• _TASK GOAL_: Every line below between the line holding "Бытовая техника: Bosch" and the line holding "Healvian 2-Pack Loofah", inclusive, should be repeated exactly, and all other lines omitted.

• _PROVIDED DATA_:
________
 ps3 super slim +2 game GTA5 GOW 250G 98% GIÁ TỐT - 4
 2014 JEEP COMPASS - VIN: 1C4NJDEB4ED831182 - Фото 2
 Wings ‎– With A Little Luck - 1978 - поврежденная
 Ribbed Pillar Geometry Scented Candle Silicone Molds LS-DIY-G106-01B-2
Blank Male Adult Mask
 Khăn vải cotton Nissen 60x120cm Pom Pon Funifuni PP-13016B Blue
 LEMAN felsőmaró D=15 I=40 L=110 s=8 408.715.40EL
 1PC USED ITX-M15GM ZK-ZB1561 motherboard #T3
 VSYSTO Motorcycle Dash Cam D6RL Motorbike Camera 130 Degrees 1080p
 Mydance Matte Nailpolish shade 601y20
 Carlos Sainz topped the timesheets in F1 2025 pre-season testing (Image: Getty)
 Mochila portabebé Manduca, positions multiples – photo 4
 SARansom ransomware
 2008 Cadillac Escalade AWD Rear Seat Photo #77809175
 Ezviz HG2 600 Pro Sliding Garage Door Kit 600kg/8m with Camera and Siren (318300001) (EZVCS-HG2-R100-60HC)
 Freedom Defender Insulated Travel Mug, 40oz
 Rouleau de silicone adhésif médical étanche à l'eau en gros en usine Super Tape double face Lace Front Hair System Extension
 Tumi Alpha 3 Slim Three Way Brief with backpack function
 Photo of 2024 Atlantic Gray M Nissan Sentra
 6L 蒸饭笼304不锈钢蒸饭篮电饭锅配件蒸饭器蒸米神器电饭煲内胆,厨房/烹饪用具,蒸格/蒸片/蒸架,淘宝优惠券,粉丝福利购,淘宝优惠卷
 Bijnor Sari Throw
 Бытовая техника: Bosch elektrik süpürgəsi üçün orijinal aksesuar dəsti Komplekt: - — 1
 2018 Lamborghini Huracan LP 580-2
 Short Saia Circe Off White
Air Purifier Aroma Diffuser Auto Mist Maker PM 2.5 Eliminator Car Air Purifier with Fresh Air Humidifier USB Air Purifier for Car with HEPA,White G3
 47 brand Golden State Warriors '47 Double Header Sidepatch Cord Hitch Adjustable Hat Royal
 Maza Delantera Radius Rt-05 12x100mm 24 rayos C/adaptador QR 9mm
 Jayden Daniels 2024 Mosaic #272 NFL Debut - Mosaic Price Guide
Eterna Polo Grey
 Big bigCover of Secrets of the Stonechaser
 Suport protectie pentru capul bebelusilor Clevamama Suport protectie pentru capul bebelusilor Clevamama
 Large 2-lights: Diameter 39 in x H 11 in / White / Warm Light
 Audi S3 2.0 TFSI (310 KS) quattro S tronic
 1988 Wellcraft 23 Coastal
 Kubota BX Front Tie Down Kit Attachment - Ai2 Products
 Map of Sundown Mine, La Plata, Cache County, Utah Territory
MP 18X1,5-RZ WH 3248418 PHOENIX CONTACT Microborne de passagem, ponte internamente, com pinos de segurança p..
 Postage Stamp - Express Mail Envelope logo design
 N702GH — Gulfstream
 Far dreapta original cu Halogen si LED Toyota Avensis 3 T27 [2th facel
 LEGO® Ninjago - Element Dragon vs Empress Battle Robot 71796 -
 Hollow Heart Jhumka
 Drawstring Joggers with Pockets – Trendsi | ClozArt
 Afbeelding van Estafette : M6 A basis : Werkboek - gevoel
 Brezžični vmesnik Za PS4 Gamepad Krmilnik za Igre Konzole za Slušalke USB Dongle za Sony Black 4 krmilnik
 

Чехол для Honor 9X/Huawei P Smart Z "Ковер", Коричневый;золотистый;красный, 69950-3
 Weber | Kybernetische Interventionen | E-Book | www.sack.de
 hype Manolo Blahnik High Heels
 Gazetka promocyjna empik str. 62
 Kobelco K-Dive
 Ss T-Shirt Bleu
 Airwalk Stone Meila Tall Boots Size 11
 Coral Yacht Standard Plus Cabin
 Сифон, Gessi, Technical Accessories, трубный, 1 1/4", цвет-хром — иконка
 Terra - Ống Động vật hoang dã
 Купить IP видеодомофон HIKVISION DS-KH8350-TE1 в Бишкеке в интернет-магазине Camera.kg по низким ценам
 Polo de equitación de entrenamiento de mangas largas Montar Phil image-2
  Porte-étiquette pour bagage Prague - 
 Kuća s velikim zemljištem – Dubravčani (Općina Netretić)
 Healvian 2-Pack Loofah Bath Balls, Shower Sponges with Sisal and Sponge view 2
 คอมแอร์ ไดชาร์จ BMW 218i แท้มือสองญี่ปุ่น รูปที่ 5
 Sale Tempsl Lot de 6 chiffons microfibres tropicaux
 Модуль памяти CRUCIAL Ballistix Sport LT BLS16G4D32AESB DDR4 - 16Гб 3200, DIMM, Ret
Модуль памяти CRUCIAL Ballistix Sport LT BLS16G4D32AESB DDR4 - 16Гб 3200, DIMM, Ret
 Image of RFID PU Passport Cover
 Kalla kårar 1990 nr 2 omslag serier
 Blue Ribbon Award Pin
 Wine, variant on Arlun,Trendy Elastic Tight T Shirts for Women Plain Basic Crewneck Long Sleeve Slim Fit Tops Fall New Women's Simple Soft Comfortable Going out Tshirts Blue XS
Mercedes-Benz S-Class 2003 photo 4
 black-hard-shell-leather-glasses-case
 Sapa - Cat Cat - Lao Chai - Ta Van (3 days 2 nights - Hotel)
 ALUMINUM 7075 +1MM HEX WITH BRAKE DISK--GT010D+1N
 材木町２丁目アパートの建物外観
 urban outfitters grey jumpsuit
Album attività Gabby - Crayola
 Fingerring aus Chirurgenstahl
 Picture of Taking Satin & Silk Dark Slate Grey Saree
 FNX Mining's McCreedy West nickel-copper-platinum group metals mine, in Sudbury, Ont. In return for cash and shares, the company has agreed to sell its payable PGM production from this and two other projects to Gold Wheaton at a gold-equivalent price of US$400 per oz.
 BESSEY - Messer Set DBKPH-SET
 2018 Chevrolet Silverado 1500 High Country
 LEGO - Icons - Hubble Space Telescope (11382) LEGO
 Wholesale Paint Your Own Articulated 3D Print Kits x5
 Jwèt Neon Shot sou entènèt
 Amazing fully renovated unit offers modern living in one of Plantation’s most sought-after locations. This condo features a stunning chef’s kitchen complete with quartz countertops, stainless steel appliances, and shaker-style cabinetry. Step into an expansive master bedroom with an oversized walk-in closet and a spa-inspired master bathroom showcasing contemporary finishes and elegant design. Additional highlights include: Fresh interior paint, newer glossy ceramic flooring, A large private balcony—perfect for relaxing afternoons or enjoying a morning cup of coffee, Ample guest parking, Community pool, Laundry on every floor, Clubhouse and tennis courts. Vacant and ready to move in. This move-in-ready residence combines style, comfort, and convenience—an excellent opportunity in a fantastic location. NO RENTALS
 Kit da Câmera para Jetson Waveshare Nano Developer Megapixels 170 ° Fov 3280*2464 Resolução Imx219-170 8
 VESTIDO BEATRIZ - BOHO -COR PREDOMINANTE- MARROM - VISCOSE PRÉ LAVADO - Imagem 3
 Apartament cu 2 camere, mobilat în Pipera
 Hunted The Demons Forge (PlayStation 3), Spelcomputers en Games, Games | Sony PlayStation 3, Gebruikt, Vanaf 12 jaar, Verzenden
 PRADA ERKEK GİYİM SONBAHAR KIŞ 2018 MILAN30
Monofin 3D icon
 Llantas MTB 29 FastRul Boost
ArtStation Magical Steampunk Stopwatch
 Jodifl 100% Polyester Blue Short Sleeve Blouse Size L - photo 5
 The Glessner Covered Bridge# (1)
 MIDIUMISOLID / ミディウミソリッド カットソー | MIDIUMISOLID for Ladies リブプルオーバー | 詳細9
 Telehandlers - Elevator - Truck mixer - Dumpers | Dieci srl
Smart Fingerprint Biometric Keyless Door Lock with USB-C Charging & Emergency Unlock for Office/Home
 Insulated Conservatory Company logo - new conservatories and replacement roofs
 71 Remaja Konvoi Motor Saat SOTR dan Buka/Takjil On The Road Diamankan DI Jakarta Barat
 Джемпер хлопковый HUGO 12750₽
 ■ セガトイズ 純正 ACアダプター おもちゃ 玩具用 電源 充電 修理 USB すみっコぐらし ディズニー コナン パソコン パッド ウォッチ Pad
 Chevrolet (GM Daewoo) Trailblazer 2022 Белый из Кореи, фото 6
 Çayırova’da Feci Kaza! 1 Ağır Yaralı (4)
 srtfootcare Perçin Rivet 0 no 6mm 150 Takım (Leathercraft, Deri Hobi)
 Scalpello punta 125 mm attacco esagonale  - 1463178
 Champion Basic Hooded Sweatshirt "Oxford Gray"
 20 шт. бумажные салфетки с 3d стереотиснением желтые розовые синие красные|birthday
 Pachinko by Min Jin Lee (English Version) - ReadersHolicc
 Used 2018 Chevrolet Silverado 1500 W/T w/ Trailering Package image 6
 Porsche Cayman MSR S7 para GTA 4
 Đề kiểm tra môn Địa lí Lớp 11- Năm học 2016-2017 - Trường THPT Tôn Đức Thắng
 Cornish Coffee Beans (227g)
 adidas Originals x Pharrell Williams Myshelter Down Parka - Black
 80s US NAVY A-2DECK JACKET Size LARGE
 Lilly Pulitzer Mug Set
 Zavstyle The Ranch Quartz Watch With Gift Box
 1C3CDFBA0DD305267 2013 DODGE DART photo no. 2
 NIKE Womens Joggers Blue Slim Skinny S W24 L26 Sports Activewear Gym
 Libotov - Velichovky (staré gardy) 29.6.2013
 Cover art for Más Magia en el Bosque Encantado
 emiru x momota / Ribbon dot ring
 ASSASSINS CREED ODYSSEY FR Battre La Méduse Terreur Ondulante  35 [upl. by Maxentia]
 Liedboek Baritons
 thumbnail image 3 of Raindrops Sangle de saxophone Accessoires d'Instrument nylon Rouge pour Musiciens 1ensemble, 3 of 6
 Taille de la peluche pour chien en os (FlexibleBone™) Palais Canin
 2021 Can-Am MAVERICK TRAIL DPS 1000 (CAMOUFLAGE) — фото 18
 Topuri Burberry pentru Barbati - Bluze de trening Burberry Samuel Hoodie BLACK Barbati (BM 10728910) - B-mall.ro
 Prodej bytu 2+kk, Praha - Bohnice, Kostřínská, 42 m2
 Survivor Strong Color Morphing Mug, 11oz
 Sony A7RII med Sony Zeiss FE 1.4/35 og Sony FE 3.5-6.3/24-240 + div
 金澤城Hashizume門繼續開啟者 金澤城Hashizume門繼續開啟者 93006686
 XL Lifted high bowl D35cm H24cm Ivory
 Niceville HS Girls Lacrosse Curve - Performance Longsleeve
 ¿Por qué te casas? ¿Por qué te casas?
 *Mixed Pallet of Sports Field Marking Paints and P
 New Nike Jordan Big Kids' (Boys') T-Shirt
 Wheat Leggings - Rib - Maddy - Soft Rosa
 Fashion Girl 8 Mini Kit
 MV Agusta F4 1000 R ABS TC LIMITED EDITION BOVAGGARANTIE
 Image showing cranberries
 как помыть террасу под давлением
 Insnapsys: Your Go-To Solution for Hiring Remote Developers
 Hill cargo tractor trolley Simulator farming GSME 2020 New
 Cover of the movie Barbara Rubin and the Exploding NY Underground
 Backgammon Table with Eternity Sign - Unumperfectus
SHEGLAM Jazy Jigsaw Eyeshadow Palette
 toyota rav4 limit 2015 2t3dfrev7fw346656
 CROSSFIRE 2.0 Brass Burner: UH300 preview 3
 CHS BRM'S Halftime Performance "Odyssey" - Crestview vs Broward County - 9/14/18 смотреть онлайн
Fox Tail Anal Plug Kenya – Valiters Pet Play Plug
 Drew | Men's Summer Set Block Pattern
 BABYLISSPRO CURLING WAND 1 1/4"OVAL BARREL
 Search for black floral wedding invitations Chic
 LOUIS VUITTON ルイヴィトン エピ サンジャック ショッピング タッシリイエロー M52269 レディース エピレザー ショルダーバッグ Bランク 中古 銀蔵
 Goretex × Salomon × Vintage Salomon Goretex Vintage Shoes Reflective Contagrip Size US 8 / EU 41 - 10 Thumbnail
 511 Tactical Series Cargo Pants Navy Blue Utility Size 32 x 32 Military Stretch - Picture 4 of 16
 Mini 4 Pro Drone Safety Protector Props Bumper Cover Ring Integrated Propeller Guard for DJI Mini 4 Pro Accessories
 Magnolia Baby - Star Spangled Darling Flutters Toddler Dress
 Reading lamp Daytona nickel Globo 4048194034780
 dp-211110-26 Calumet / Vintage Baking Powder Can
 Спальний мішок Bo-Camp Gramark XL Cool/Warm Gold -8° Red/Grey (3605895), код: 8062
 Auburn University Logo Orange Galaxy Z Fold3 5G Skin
________
• _PROBLEM SOLUTION_:
 Бытовая техника: Bosch elektrik süpürgəsi üçün orijinal aksesuar dəsti Komplekt: - — 1
 2018 Lamborghini Huracan LP 580-2
 Short Saia Circe Off White
Air Purifier Aroma Diffuser Auto Mist Maker PM 2.5 Eliminator Car Air Purifier with Fresh Air Humidifier USB Air Purifier for Car with HEPA,White G3
 47 brand Golden State Warriors '47 Double Header Sidepatch Cord Hitch Adjustable Hat Royal
 Maza Delantera Radius Rt-05 12x100mm 24 rayos C/adaptador QR 9mm
 Jayden Daniels 2024 Mosaic #272 NFL Debut - Mosaic Price Guide
Eterna Polo Grey
 Big bigCover of Secrets of the Stonechaser
 Suport protectie pentru capul bebelusilor Clevamama Suport protectie pentru capul bebelusilor Clevamama
 Large 2-lights: Diameter 39 in x H 11 in / White / Warm Light
 Audi S3 2.0 TFSI (310 KS) quattro S tronic
 1988 Wellcraft 23 Coastal
 Kubota BX Front Tie Down Kit Attachment - Ai2 Products
 Map of Sundown Mine, La Plata, Cache County, Utah Territory
MP 18X1,5-RZ WH 3248418 PHOENIX CONTACT Microborne de passagem, ponte internamente, com pinos de segurança p..
 Postage Stamp - Express Mail Envelope logo design
 N702GH — Gulfstream
 Far dreapta original cu Halogen si LED Toyota Avensis 3 T27 [2th facel
 LEGO® Ninjago - Element Dragon vs Empress Battle Robot 71796 -
 Hollow Heart Jhumka
 Drawstring Joggers with Pockets – Trendsi | ClozArt
 Afbeelding van Estafette : M6 A basis : Werkboek - gevoel
 Brezžični vmesnik Za PS4 Gamepad Krmilnik za Igre Konzole za Slušalke USB Dongle za Sony Black 4 krmilnik
 

Чехол для Honor 9X/Huawei P Smart Z "Ковер", Коричневый;золотистый;красный, 69950-3
 Weber | Kybernetische Interventionen | E-Book | www.sack.de
 hype Manolo Blahnik High Heels
 Gazetka promocyjna empik str. 62
 Kobelco K-Dive
 Ss T-Shirt Bleu
 Airwalk Stone Meila Tall Boots Size 11
 Coral Yacht Standard Plus Cabin
 Сифон, Gessi, Technical Accessories, трубный, 1 1/4", цвет-хром — иконка
 Terra - Ống Động vật hoang dã
 Купить IP видеодомофон HIKVISION DS-KH8350-TE1 в Бишкеке в интернет-магазине Camera.kg по низким ценам
 Polo de equitación de entrenamiento de mangas largas Montar Phil image-2
  Porte-étiquette pour bagage Prague - 
 Kuća s velikim zemljištem – Dubravčani (Općina Netretić)
 Healvian 2-Pack Loofah Bath Balls, Shower Sponges with Sisal and Sponge view 2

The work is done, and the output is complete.